On December 16, 1947 James Hickman walked out of court, a free man, after a jury could not reach a verdict on his murder charge and prosecutors offered a plea deal to a lesser one. Writer and activist Joe Allen recounts Hickman’s story in his 2011 book “People Wasn’t Made To Burn: A True Story of Race, Murder, and Justice in Chicago.”
James Hickman was part of the migration of Southerners who moved North to improve their lives. Hickman, a sharecropper, moved to Chicago from Mississippi in 1944. He came without his wife and younger children at first. He lived with his older married daughter and her family for 10 months while working at Wisconsin Steel. He planned to save money and find a place to live before sending for his family. The search for adequate living quarters was long and fruitless. Hickman found some apartments but they didn’t want children. Others took his money but never actually rented him an apartment.
In January 1946, he thought that he had a place to live and sent for his family to join him in Chicago. When the family arrived, the rental fell through so Hickman, his wife Annie, and children had to stay with the older daughter. Her landlord found out and insisted that the family had to move out.
Out of desperation, Hickman located a dilapidated apartment at 1733 West Washburne. David Coleman, a young African American budding entrepreneur, was their landlord. Hickman and his family were living in a tiny kitchenette apartment that was inadequate to their needs. It was a one room attic apartment for six and sometimes seven people. Chicago was suffering from a crisis of overcrowding for black people due to racial covenants and redlining. Many fires were also raging throughout black communities; some attributed to terrible maintenance and others to suspected arson by unscrupulous landlords.

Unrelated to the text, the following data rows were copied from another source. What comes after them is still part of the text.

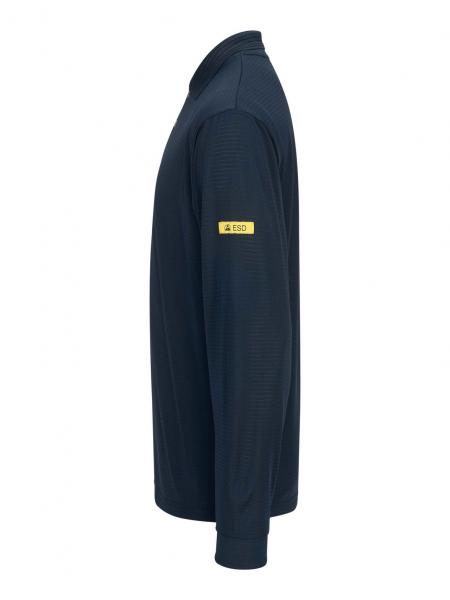 The image shows a long-sleeved, dark blue shirt. It has a high collar and there is a yellow label on one sleeve. The cut is sporty and simple.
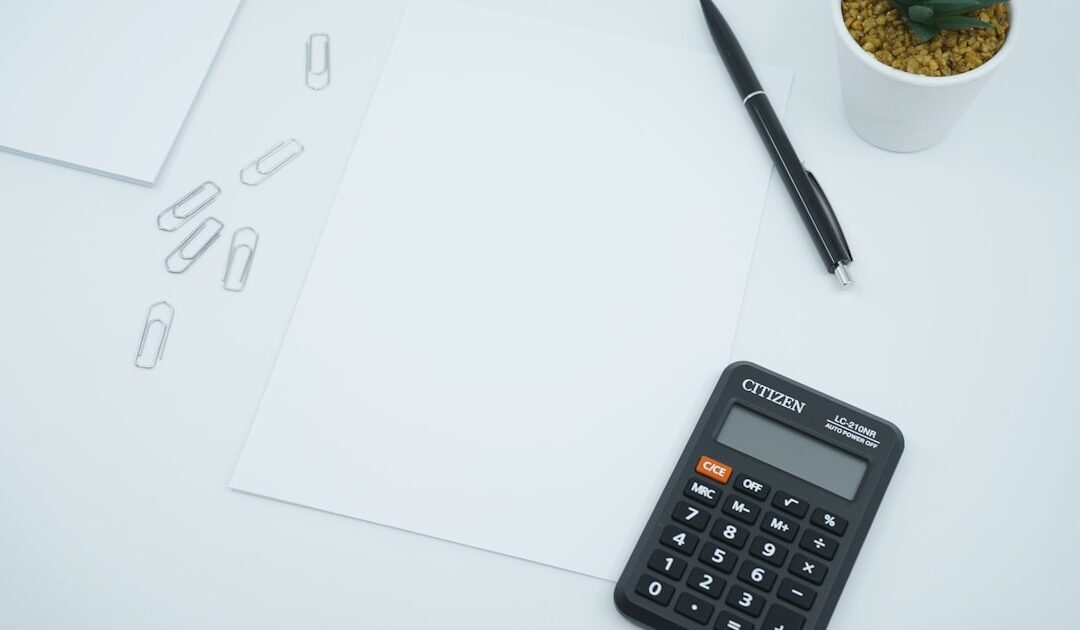 A calculator and pen on a printed ledger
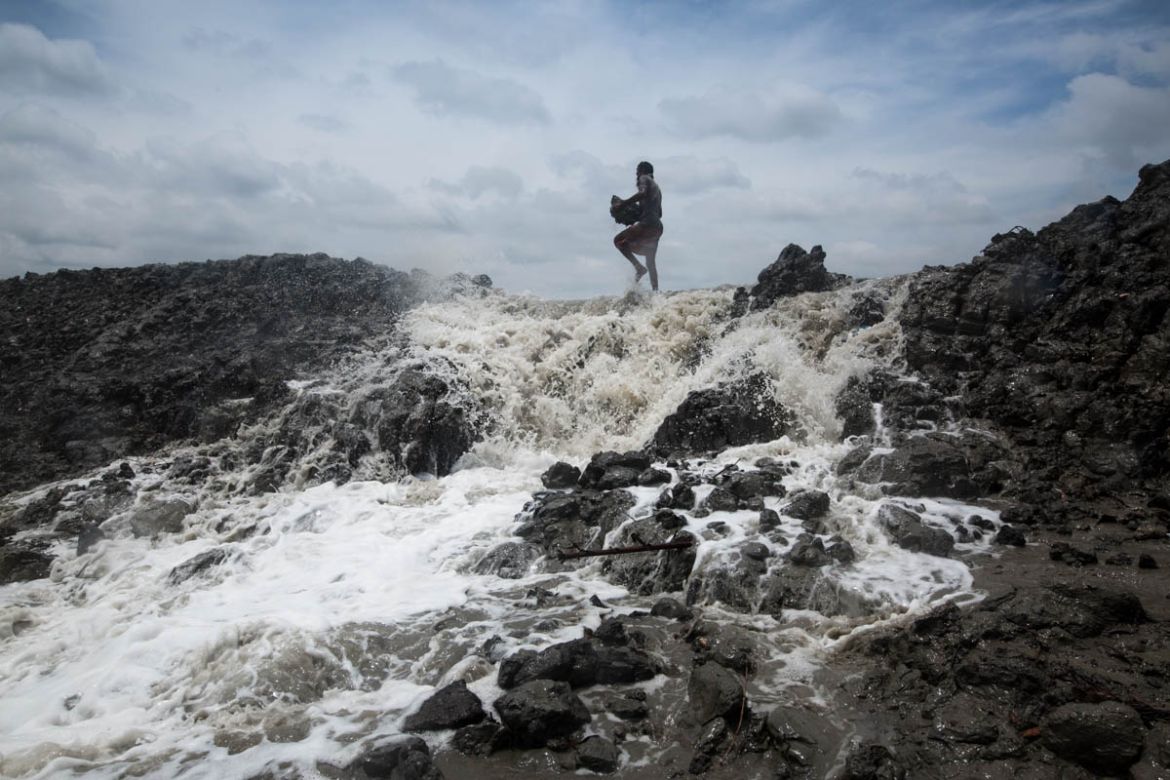 Mojid, 55, trying to repair the riverbank just cyclone Fani hits in the coastal area of Khulna District. He said that he has lost his house 4 times during he taking care of his family and he is witnes
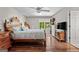 Bedroom featuring a classic wood bed frame, bookshelf, and view of the backyard at 401 Riverwalk, Mcdonough, GA 30252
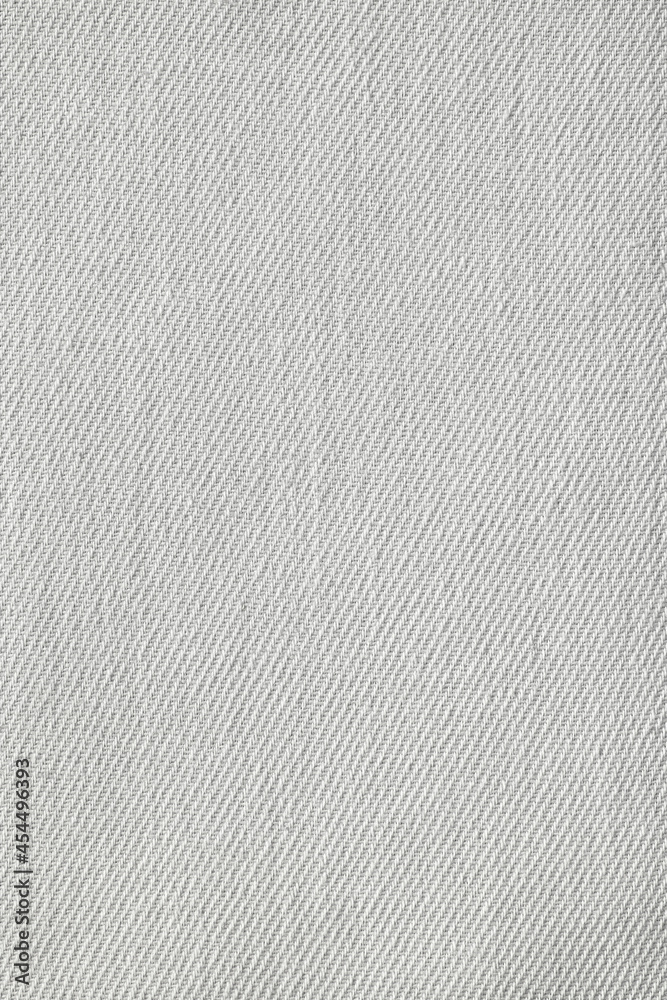 The texture of uneven natural cotton gray with white fabric, abstract textile background. The texture of uneven natural cotton gray with white fabric, abstract textile background.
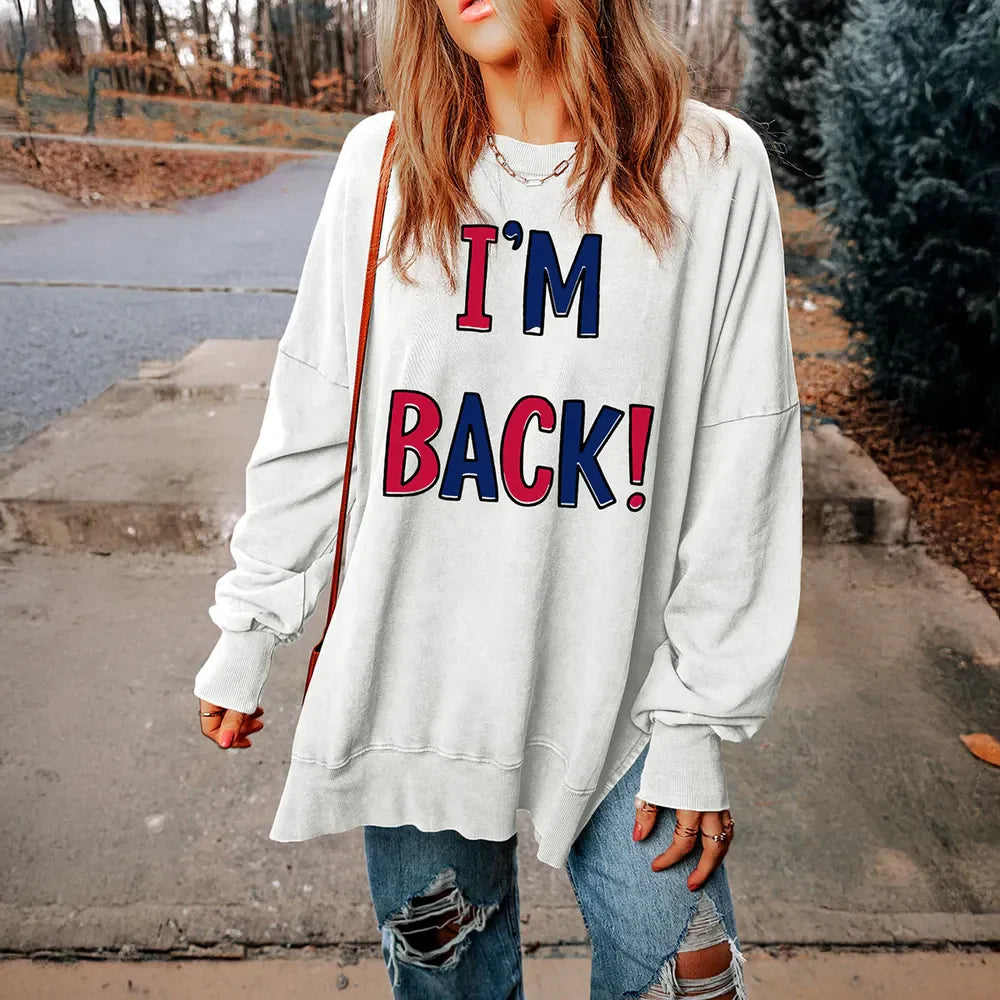 White graphic sweatshirt with I'M BACK! text, slit hem, and crew neck.
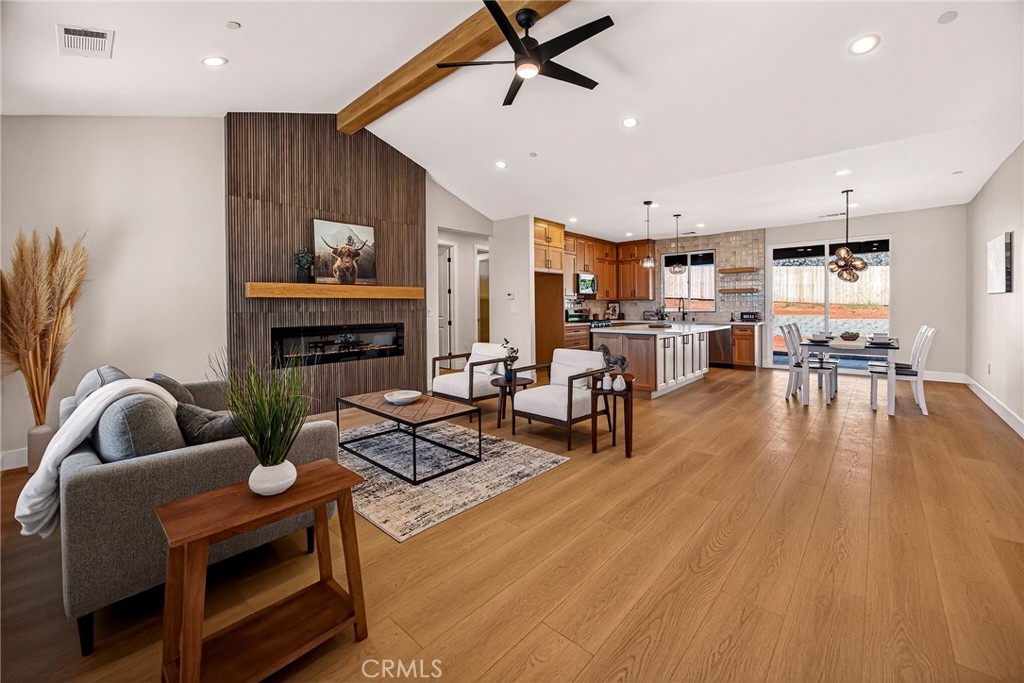 1528 Forest Paradise, CA 95969 - Photo 11 of 49 a living room with furniture and a fireplace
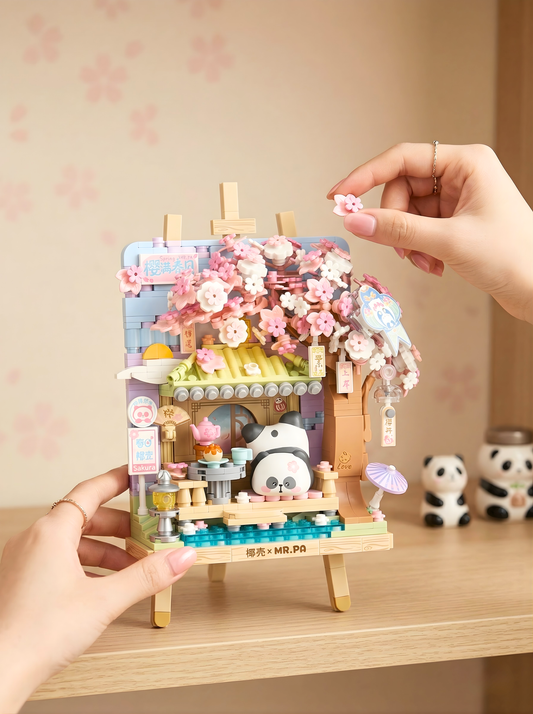 Hand holding a small, detailed model of a house with cherry blossoms on a wooden stand.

James Hickman complained to his landlord, Coleman, about the awful conditions in his building. He wanted his $100 deposit back so that he could find another place to live. The landlord refused to comply. After several more complaints, David Coleman threatened to “burn [Hickman] out.” Annie and James reported the threat and the terrible building conditions to the police. They took out a warrant for Coleman’s arrest but nothing actually happened. The police never arrested him.